Revised Data Access API
So here's the basical goals:
- Scalability. We need to be able to deal with systems that can scale
to multiple servers both on the web end and lower layers.
- Multi-Datasource Aware: We need to be able to mesh with JDBC datasources,
JDO systems, as well as EJB, and JMS datasources.
- High Performance: We don't want to sacrifice performance for the
single-server setup that is the vast majority of Expresso's current user base.
- Ease of APIs: Ideally, the system would allow a basic set of API's
that allow a programmer to get a working system with very few lines of code.
However, we want another layer of API's available that allow a programmer
to tweak according to their deployment system that allows for high performance
capabilities. (It should be noted here that we want decent performance even
with the basic set of API's)
- Concurrancy Control: Currently Expresso DBObjects have no capabilitity
to deal with concurrant updates and the potential conflicts arising there.

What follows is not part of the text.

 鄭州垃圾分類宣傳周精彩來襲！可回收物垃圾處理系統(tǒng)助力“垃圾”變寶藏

Although this may be no problem in heavily transacted systems, it becomes
more of a problem within widely distributed applications.
- Take the load of the databases: Commercial databases systems are
expensive and can easily get bogged down. Adding more Database hardware or
replicating databases may only be a partial solution, and cost easily cost
upwards of multi-million dollars for many companies. Being able to scale using
multiple, inexpensive machines is a highly desirable scalability trait.

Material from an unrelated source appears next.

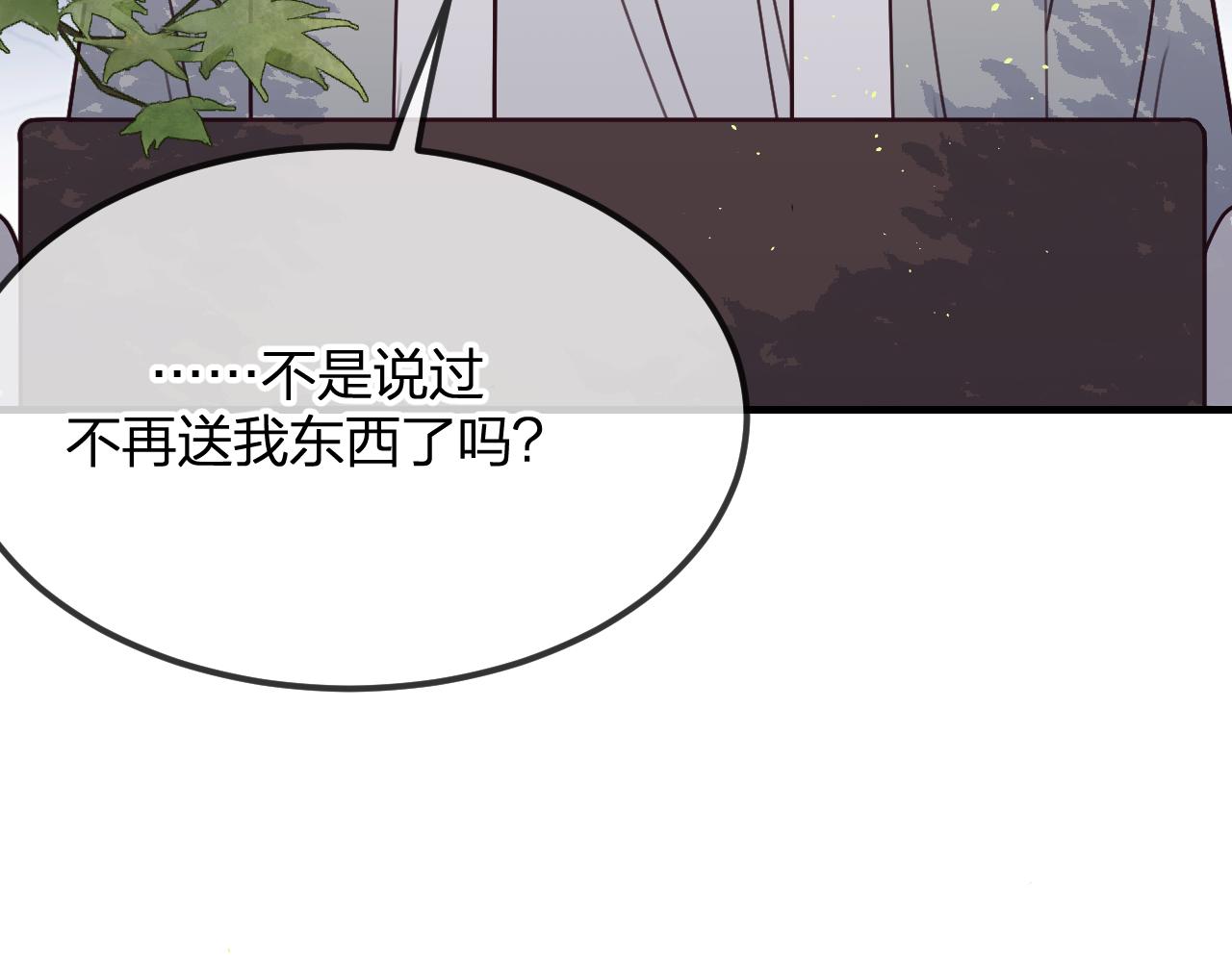 第102话 白鹿做噩梦了2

- Good Low-cohesion module design: For our goals to work, we must design a system that has low cohesion.
Ie, we can replace chunks of the system without seriously affecting other
chunks.
DataObject Stack
Some of the most successful systems have been designed around the simple notation
of of "stacked layers." Probably the most notable example is the tcp/ip
network stack. The premise is that each layer by and large only communicates
with the layers above and below it. Each layer can be reimplemented as long as the boundaries between the layers
are left undisturbed. Thus providing loose cohesion. So here's what the Expresso
DataObject Stack would look like:

Here's a quick summary of what the job of each layer is:
- Data Access Object Layer: The Data Object Layer will be the layer that
each programmer communicates with. By and large it will be a "Dynabean"
with the setField() and getField() methods that we have all come to know and
love. It will have some additional fields that are automatically kept to allow
for concurrancy support, but by and large people should recognize it as a DBObject.
- Cache:Before, the DBObjects would check a cache and go directly to a database
if it wasn't in the cache. The new API will be telling the cache "I
want such and such object". If the cache has it, it will produce it,
if not, then it will go to the next layer and tell it to get it for the
Cache. The goal is to have Cache follow the JCache specification being
developed in a JSR.
- Messaging Middleware:This layer isn't necessary if you're dealing with
only a single webserver. The middleware's goal is to keep all the various cache systems on all the different webservers or whatever system synchronized properly.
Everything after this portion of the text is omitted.